:: Aim of the exercise ::
Reproduce the whole listing exactly, omitting any picture it holds.

:: Data shown ::
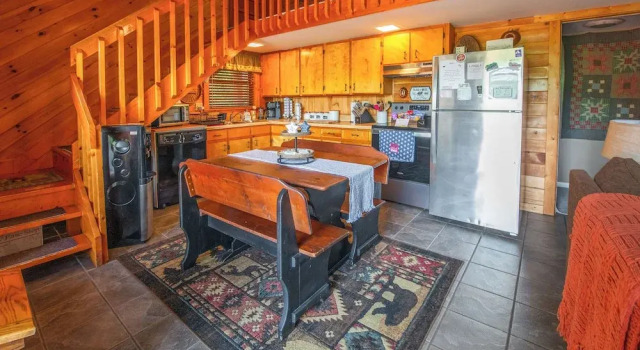 Коттедж Hot Tub, Mtn Views & Fire Pit: Almond Family Cabin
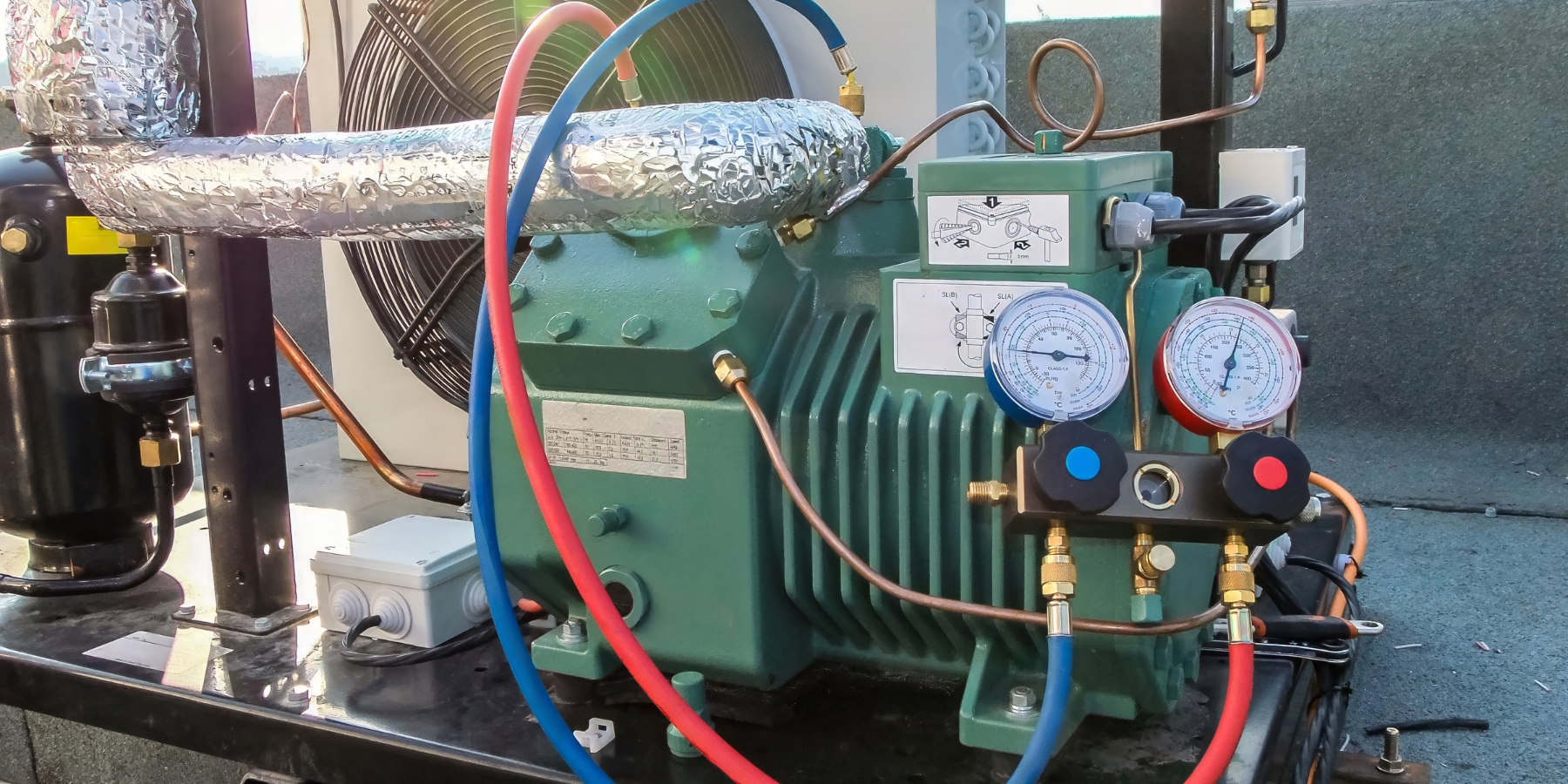 как слить конденсат с компрессора фото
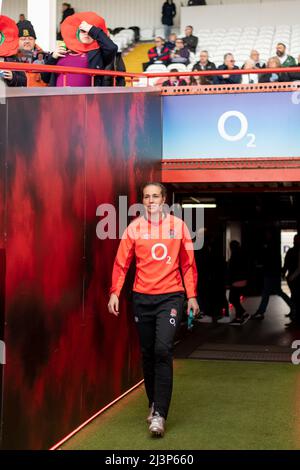 Gloucester, Großbritannien. 09. April 2022. Emily Scarratt (13 England) geht zum Aufwärmen vor dem TikTok Womens Six Nations-Spiel zwischen England und Wales im Kingsholm Stadium in Gloucester, England. Marcelo Poletto/SPP Credit: SPP Sport Press Photo. /Alamy Live News Stockfoto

:: Task answer ::
 Коттедж Hot Tub, Mtn Views & Fire Pit: Almond Family Cabin
 как слить конденсат с компрессора фото
 Gloucester, Großbritannien. 09. April 2022. Emily Scarratt (13 England) geht zum Aufwärmen vor dem TikTok Womens Six Nations-Spiel zwischen England und Wales im Kingsholm Stadium in Gloucester, England. Marcelo Poletto/SPP Credit: SPP Sport Press Photo. /Alamy Live News Stockfoto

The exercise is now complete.